La institución de la Pascua y la fiesta de los Panes Sin Levadura. La Pascua iniciaba en el día diez; en el día 14 ellos comían la Pascua, y este era el primer día de los panes sin levadura. Luego, por los siguientes siete días, ellos comerían sólo panes sin levadura. Para la primera Pascua, los panes sin levadura era una práctica necesaria – ellos dejaron a Egipto con tal prisa que no había tiempo de que la masa se leudara. Después de la primera Pascua, la fiesta de los panes sin levadura fue un testimonio a través de las generaciones. La levadura es también una ilustración del pecado y la corrupción, debido a la manera en que la levadura influye en todo el bulto de masa, y también porque la levadura infla la masa – aún el orgullo y el pecado hace que “crezcamos” en nuestro ser. Significativamente, Dios los llamó a que caminaran “sin levadura” después de su liberación inicial de Egipto. Simbólicamente, ellos eran llamados a una vida de pureza moral ante el Señor. Algunos sugieren que también había un aspecto higiénico al liberarse de toda la levadura. Ya que utilizaban un pedazo de masa de un bulto anterior para hacer el pan del nuevo día, y hacían esto repetidamente, esa bacteria dañina podría afianzarse en la masa – así que era bueno el remover toda la levadura y empezar todo de nuevo, aunque sea una vez al año.

Se esperaba que los ancianos mostraran el camino. Moisés les instruyó para que observaran la Pascua, a sabiendas de que el resto de la nación les seguiría. Ellos usaron hisopo para aplicar la sangre en el dintel y en los postes de la puerta. A través de las Escrituras, el hisopo era comúnmente usado para aplicar la sangre la cual limpia el pecado. En Levíticos 14:6, la ceremonia para la purificación de la lepra se usaba un hisopo para aplicar la sangre. En Números 19:6 el hisopo era echado en medio del fuego donde ardía la vaca para el agua de purificación. En Números 19:18 el hisopo era usado para aplicar el agua de purificación. David, en su gran Salmo de arrepentimiento, dijo: Purifícame con hisopo, y seré limpio; (Salmo 51:7). A través del sacrificio se ve al hisopo como un instrumento de purificación. El Hisopo también estaba relacionado con el gran sacrificio de Jesús por el pecado. En Juan 19:29 se nos habla de como se le ofreció a Jesús vinagre para beber en la cruz, la esponja mojada era en realidad un bulto de hisopo.

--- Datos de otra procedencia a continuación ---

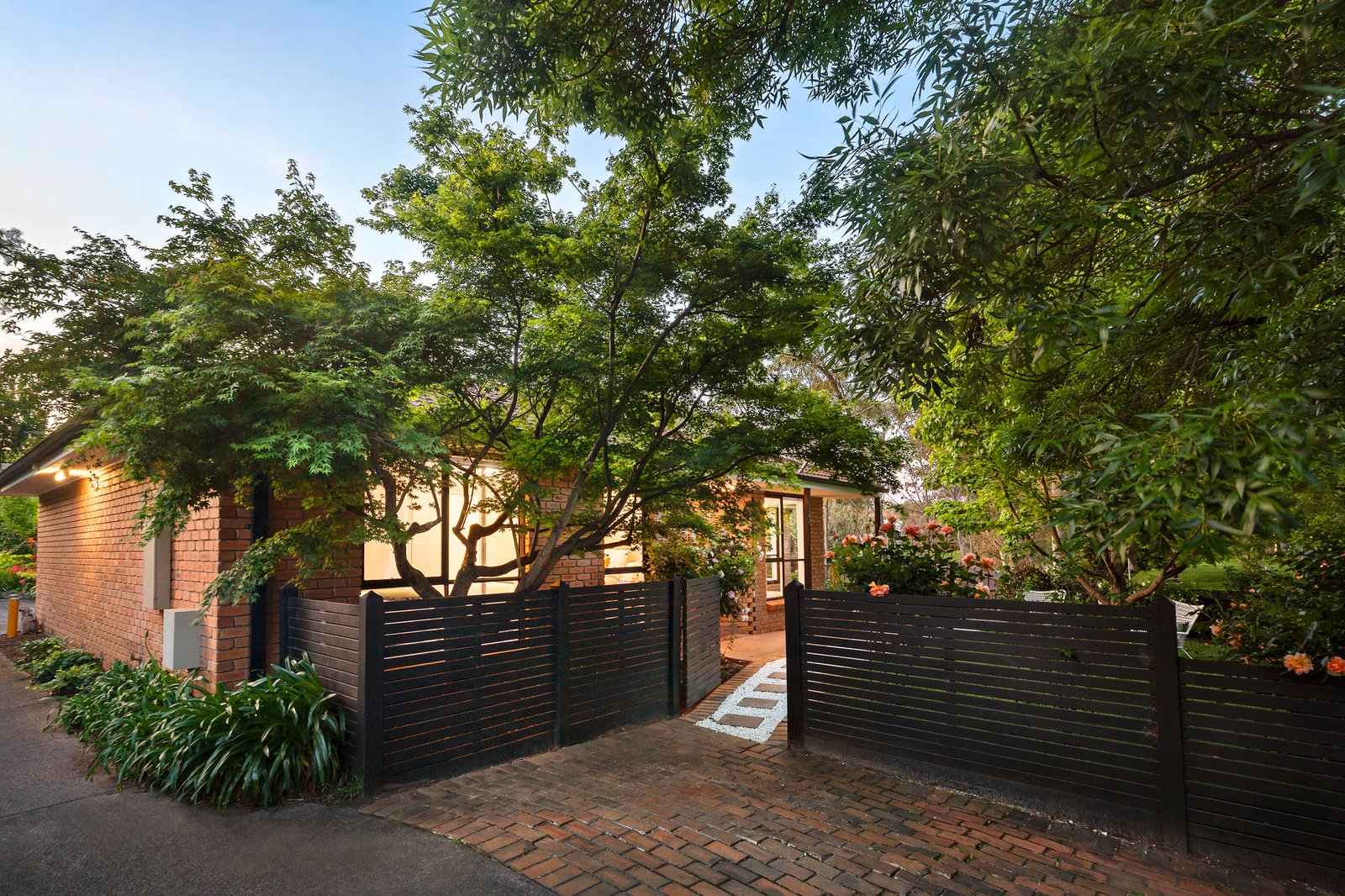 1/96 Summerhill Road, Glen Iris, 3146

La liberación de la Pascua no sería solamente para ellos, sino también para sus hijos, y para todas las generaciones por venir. La Pascua era la más grande obra de redención realizada en el Antiguo Testamento, en conjunto con la cruz. De la misma manera, Jesús nos dio la nueva Pascua, al decir que Su obra en la cruz no era solamente para aquella generación, sino que debería ser recordada y aplicada a todas las generaciones. En la Pascua hubo una obra doble. Primero, el enemigo fue derrotado (Cuando hirió a los egipcios). Segundo, el pueblo de Dios fue librado y se le dio una nueva identidad, con promesas nuevas, un nuevo caminar, y una nueva vida (libró nuestras casas). Entonces el pueblo se inclinó y adoró: Legítimamente, la inmediata reacción de Israel a este anuncio (antes de que ocurriera) fue el de adorar. Ellos honraron a Dios, quien dijo que Él haría todas estas cosas por ellos.

Y los hijos de Israel fueron e hicieron puntualmente así: En muchas maneras estas eran las más importantes palabras de todo el pasaje. Tan grandiosa como fuera la liberación de Dios, el pueblo nunca la hubiera recibido si hubieran fallado en llevar a cabo lo que Dios les dijo que hicieran. Nos preguntamos si algún Israelita sufrió bajo el juicio de los primogénitos debido a que no creyeron ni obedecieron. Nos preguntamos también si algún egipcio fue librado del juicio debido a que creyeron y obedecieron. No tenemos registro, pero es probable que haya sucedido.

Pastor Carlos Umaña Comunidad Cristiana Lifehouse.